Le monde est plus vaste que ce que nous en voyions
Un attroupement s’est formé devant la sortie du métro de la station Colonel Fabien. On entend des cris déchirants. Un homme à terre, paraît inconscient. Il reste immobile. Un autre debout se porte à sa hauteur. C’est lui qui lance de grands cris. Il agite ses bras dans tous les sens, s’emporte, hors de lui. Il s’agenouille sur le corps de l’homme à terre, lui ouvre violemment la chemise dans un geste exagéré. À distance, cela donne l’impression qu’il est en train de l’agresser.
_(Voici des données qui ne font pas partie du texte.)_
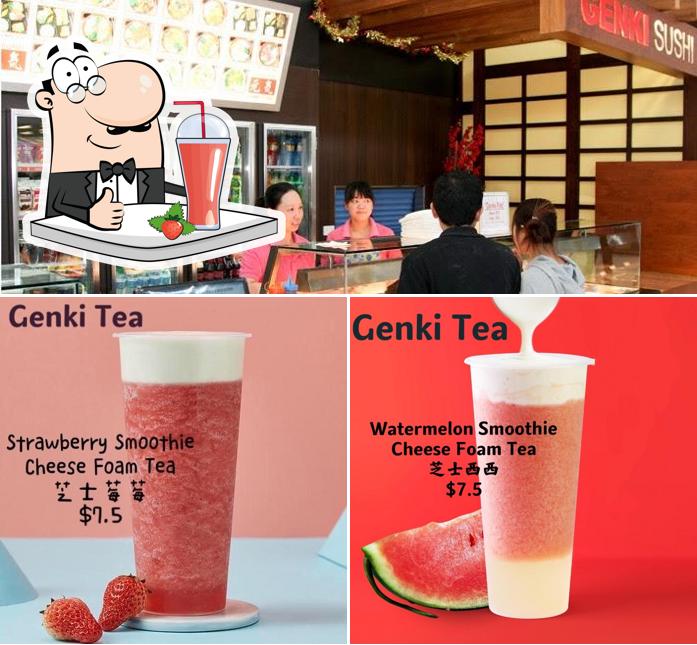 Enjoy a beverage at Genki Sushi &Genki Tea Griffith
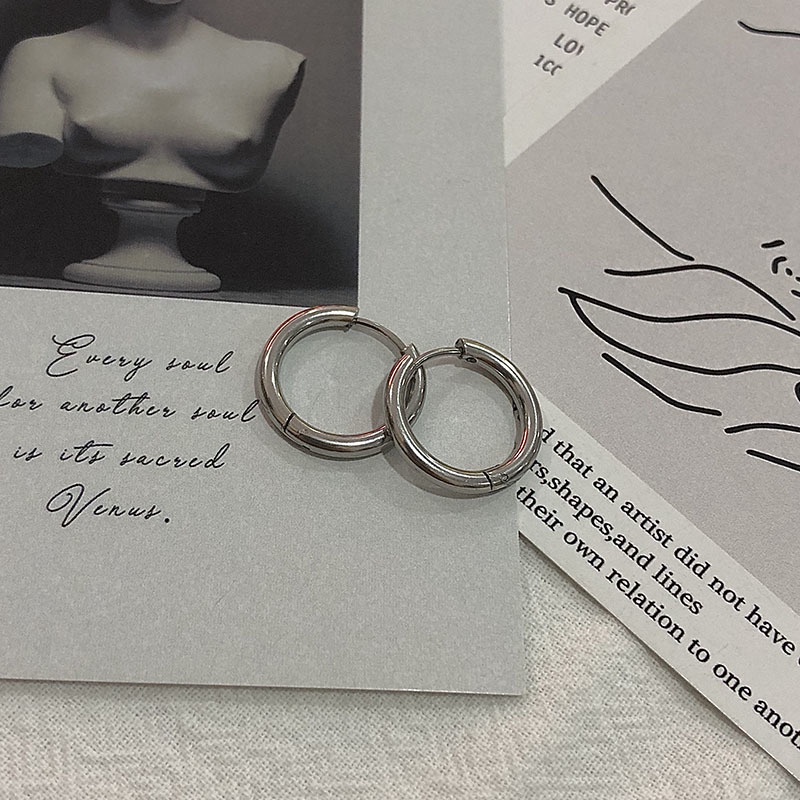 Khuyên Tai Tròn Màu Sắc Độc Đáo Phong Cách Hàn Quốc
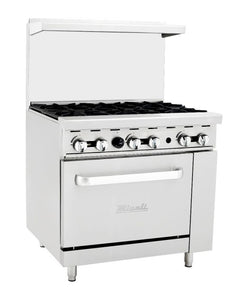 Migali 6 Burner Range Oven Liquid Propane. Call For Price!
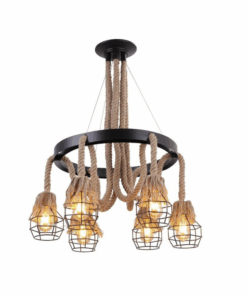 Physis trading Vintage Indoor Rope Pendant Light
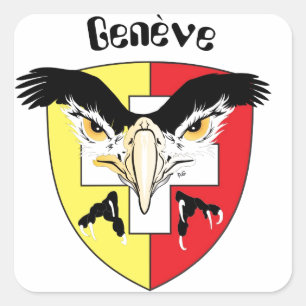 Switzerland Suisse Svizzera Svizra Switzerland Square Sticker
Une femme s’interpose pour tenter de le calmer, mais il n’y prête pas attention. Il se relève en continuant de crier. Trois CRS s’approchent très lentement de lui. Hors de lui, les yeux exorbités, il les toise et les menace verbalement. Ils lui demandent de se calmer, mais l’homme ne les écoute pas, persuadé qu’ils sont la cause de l’état de son ami. Il connaît l’homme à terre. Il essaie de lui porter secours, de le relever, mais l’autre est passablement éméché, il peine s à se relever. Son pantalon descendu sur les fesses. Les CRS ne parviennent pas à lui faire entendre raison. Ils craignent un mauvais coup, se tiennent à distance en appelant du renfort. Quelques longues minutes plus tard, l’homme qui criait est maintenu au sol par l’un des CRS qui lui crie dessus, deux autres le regardent faire, tandis que cinq autres forment un large cordon de sécurité à cinq mètres de distance. L’homme qui était au sol va mieux désormais, il comprend qu’il ne peut rien faire et qu’il vaut mieux s’en aller discrètement, ce qu’il fait sans tarder. La photographie que je prends à cet instant ne traduit qu’une vision parcellaire de la réalité.